The lower Potsdam sandstones have the peculiar green sand (glauconite), common to the rocks of the period in Burnet and Llano counties. The entire strata of the mountain has a thickness of about one thousand feet and all horizontal, most of the adjacent mountains being granite.

Sandstones of the Potsdam period abound in Mason county, and extend westward in Menard county, nearly to Menardville.

There is a fine exposure of these rocks in the western part of Mason county, on the Llano river, at the foot of Loyal valley.

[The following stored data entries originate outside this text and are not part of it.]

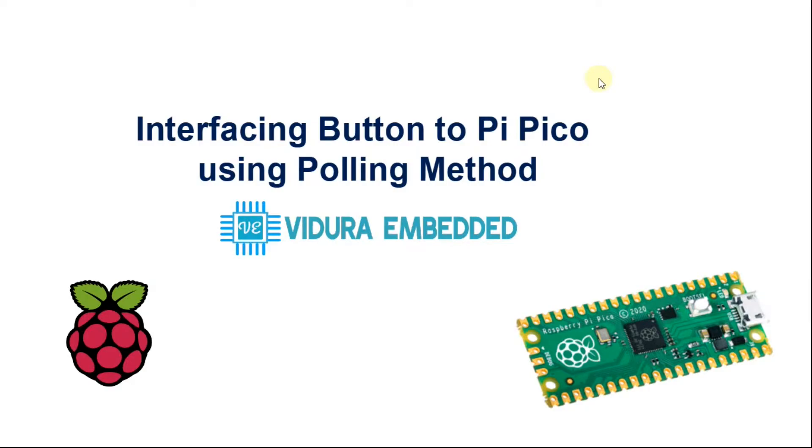Hello all, welcome to my channel. In this tutorial I am going to explain how we can interface a button to Raspberry Pi Pico using a polling method. So let's get started.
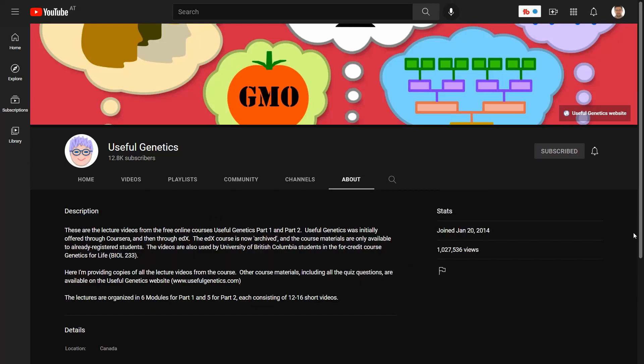When you go to the about page of the channel, you will learn that these lecture videos are from the free online courses Useful Genetics Part 1 and Part 2, initially offered through Coursera and also edX under the umbrella of the University of British Columbia, which is a university in Canada near Vancouver. There is also a website called UsefulGenetics.com where there are other materials including all quiz questions and more.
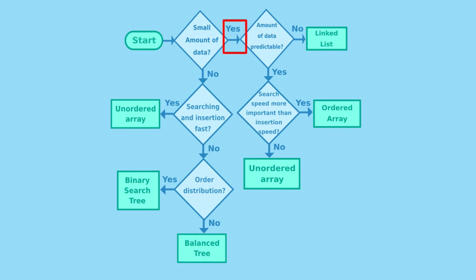Next question is, is the amount of data predictable? The answer in this case is yes, because we know the size of the array beforehand. And since we need to find minimum and maximum, we will use searches.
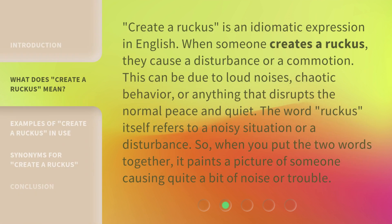'Create a ruckus' is an idiomatic expression in English. When someone creates a ruckus, they cause a disturbance or a commotion. This can be due to loud noises, chaotic behavior, or anything that disrupts the normal peace and quiet. The word 'ruckus' itself refers to a noisy situation or a disturbance. So when you put the two words together, it paints a picture of someone causing quite a bit of noise or trouble.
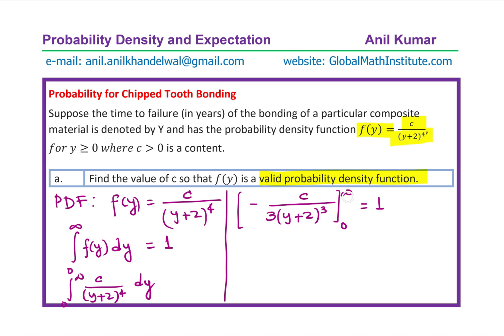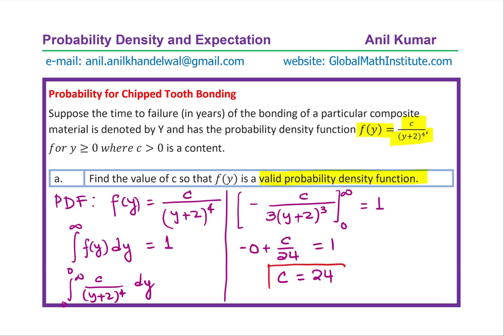Substituting infinity gives zero, so we get minus zero. Substituting y = 0 gives c / (3 × 2^3) = c / 24. The minus signs cancel to give c / 24 = 1, therefore c = 24. That completes part (a).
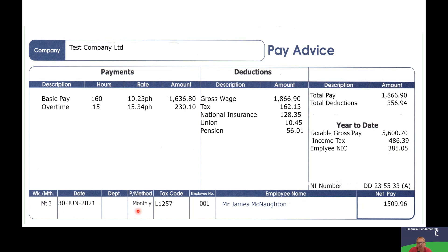Next to that it shows how often you're paid — whether weekly, monthly, or four-weekly — and next to that is your employee number. The last section shows your tax code, which is personal to you and may change depending on your personal circumstances, especially if you're paying back an underpayment of tax from previous years.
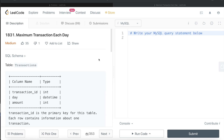Hey guys, welcome back to the channel. This channel, Everyday Data Science, is all about trying to learn the different concepts involved in data science by practicing a lot of questions. In this video, I am going to solve this question on LeetCode regarding maximum transaction each day and try to walk you through how we can develop solutions to such problems.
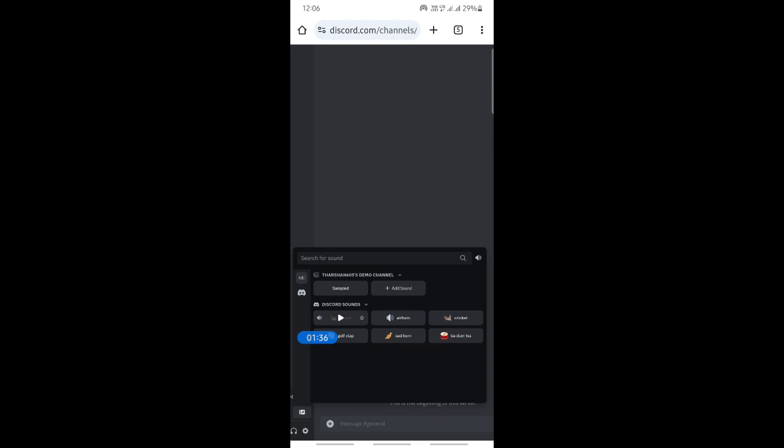It's pretty easy and that's how you change the soundboard. I hope this video was helpful. I will see you in another video. Thank you.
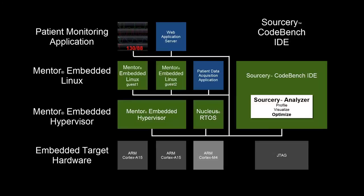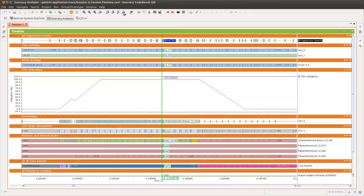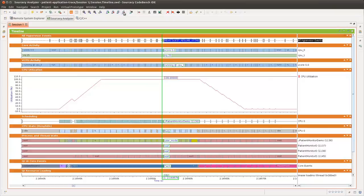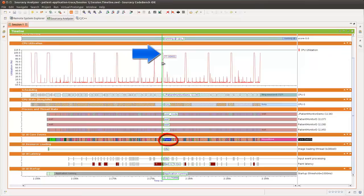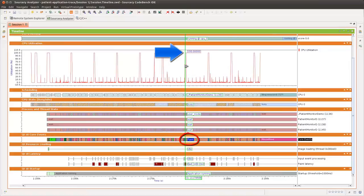Sorcery Analyzer allows us to visualize and explore our entire patient monitoring stack to gain deep insights into system and application level behavior. This profile session includes event markers and state values for the mentor embedded hypervisor, mentor embedded Linux, and Qt application layers. The x-axis represents time, and the cursor in the center of the screen includes labels indicating the state of that component at a particular point in time.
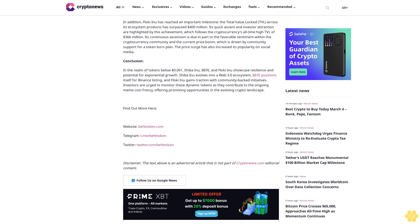A proposal that gained support from the community to burn 2% of the token supply led to this influx of Floki Inu. In addition, Floki Inu has reached an important milestone.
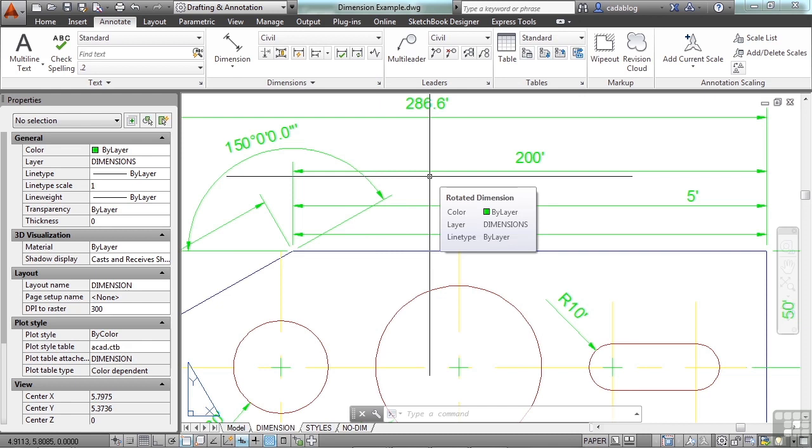The setting of 2, it sets your dimensions to the insertion points based on the model space objects that you select. It does several things for you. Most importantly, it measures the true distance that's involved. And it means that you can make one dimension style for the entire file, regardless of the scales used. Before we had the setting of 2, we just had 0 and 1. We had to make tons of styles, one for each scale that we could possibly use in our drawing. This got redundant and difficult to manage. So the only reason to make a second style now in your file is to display it differently.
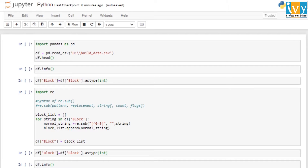Hello everyone, welcome to the Python tutorial. In this video we are going to see how to clean data and remove any string or special characters from an integer value. We are going to use a property construction dataset which has 22 attributes and 2676 records.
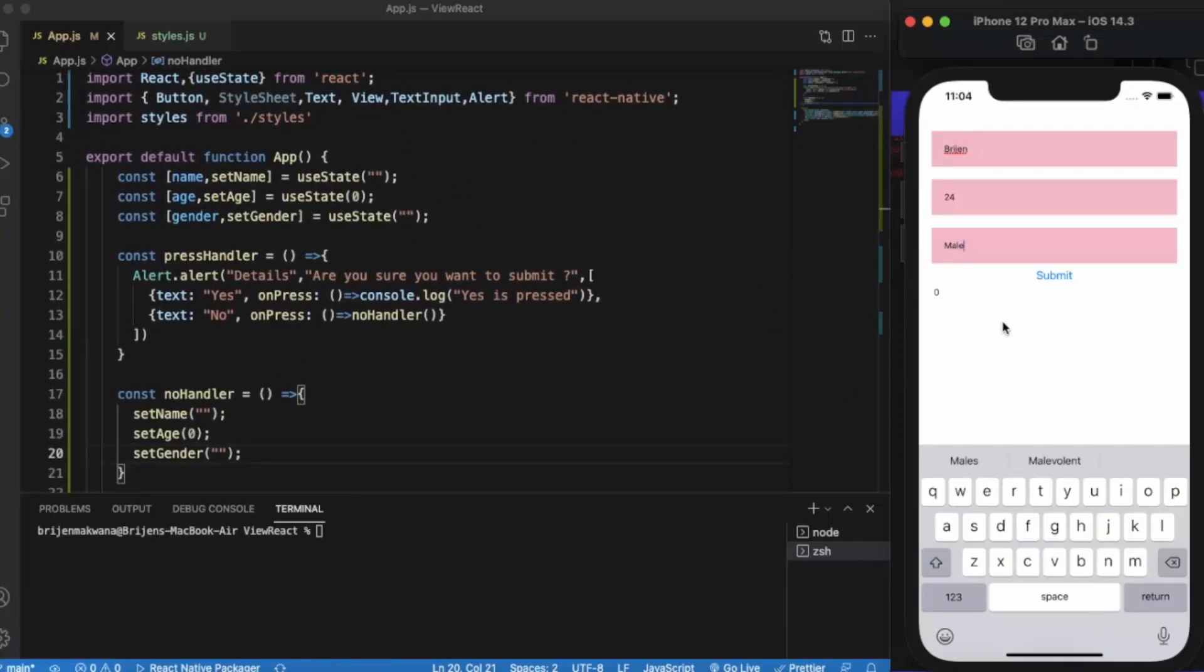This is how you can create custom alerts in which you can provide multiple buttons according to your needs. Thanks for watching.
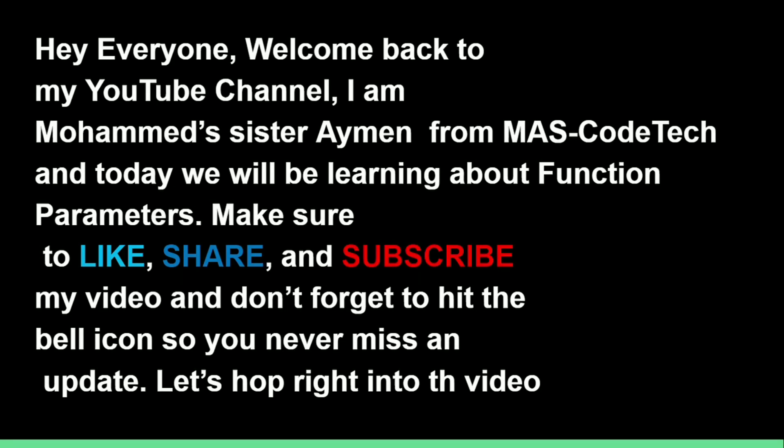Hey everyone! Welcome back to my YouTube channel. I am Mohamed's sister Ayman from Masco Tech and today we'll be learning about function parameters.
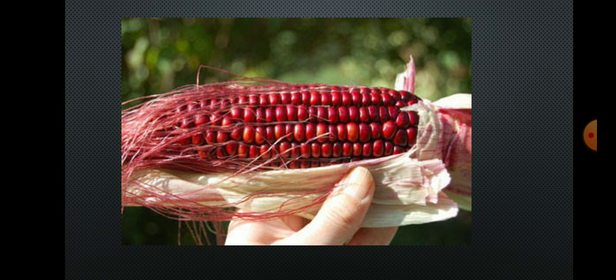We can also see hybrid plants. In this picture we can see a variety of maize — sweet corn. In this way, today we have studied the introduction part of the first chapter. Thank you very much.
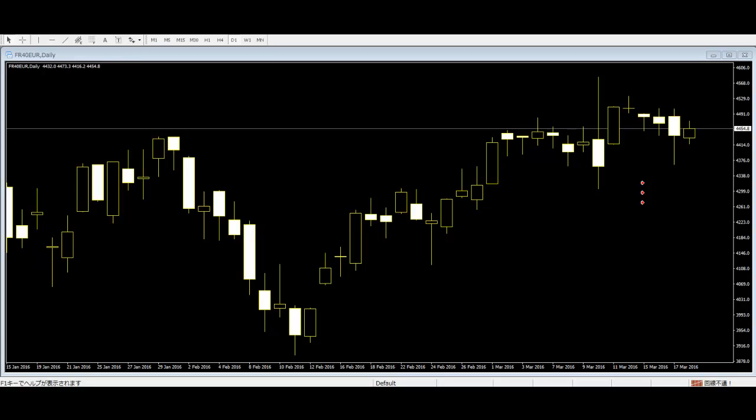Spinning top after an uptrend or a downtrend is a signal that a reversal is on the way, and that lost momentum could signal that the market has changed its tune.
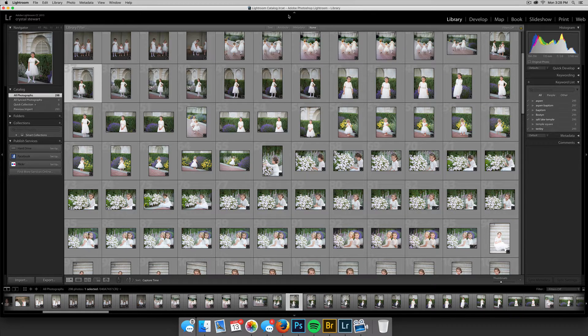Hey guys, it's Crystal with Pierre. I just wanted to go through a couple of tips and tricks with importing your images into Lightroom — with keywords and different techniques like that.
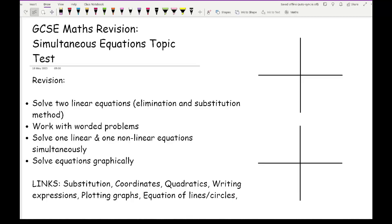Before we get started working through some questions related to simultaneous equations, let's have a quick overview of what you need to revise and what you need to be able to do. In terms of basic levels of simultaneous equations, which appear on both the higher and the foundation, you need to be able to solve two linear equations with two unknowns.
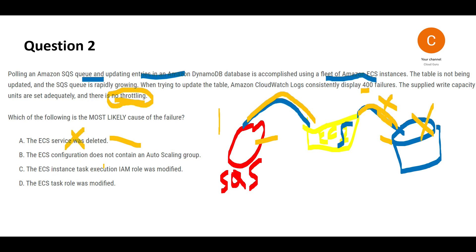Option B says the ECS configuration doesn't contain an auto-scaling group. You don't need auto-scaling here. The bottleneck isn't here. Even if you auto-scale ECS, it won't solve your problem because the issue is not capacity.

Rocks which may and probably do belong to the lower silurian are upraised at the base of the Organ mountain at Fort Bliss, near the town of El Paso, where there is a fine display of uptilted strata of lower silurian, carboniferous and cretaceous rocks to a nearly perpendicular height of 1600 feet above the valley.

CARBONIFEROUS.

The rocks of this age in Burnet and Llano have been alluded to in former reports, and are noticed elsewhere under the head of coal.

CRETACEOUS.

These rocks have been traced the past season from a few miles west of Menardville to Fort McKavit, thence northward as far as Kickapoo springs, south of Fort Concho, again, from the Twin mountains, about six miles west of Fort Concho, westward to near Barilla springs, beyond Fort Stockton ; thus far with no interruption by other rocks ; thence westward to the Rio Grande. We saw no other sedimentary rocks except cretaceous, and only these at rare intervals, in uptilted strata among or on the sides of the granitic and basaltic mountains of that region. North of the Toyah valley are many limestone mountains which are probably of cretaceous age.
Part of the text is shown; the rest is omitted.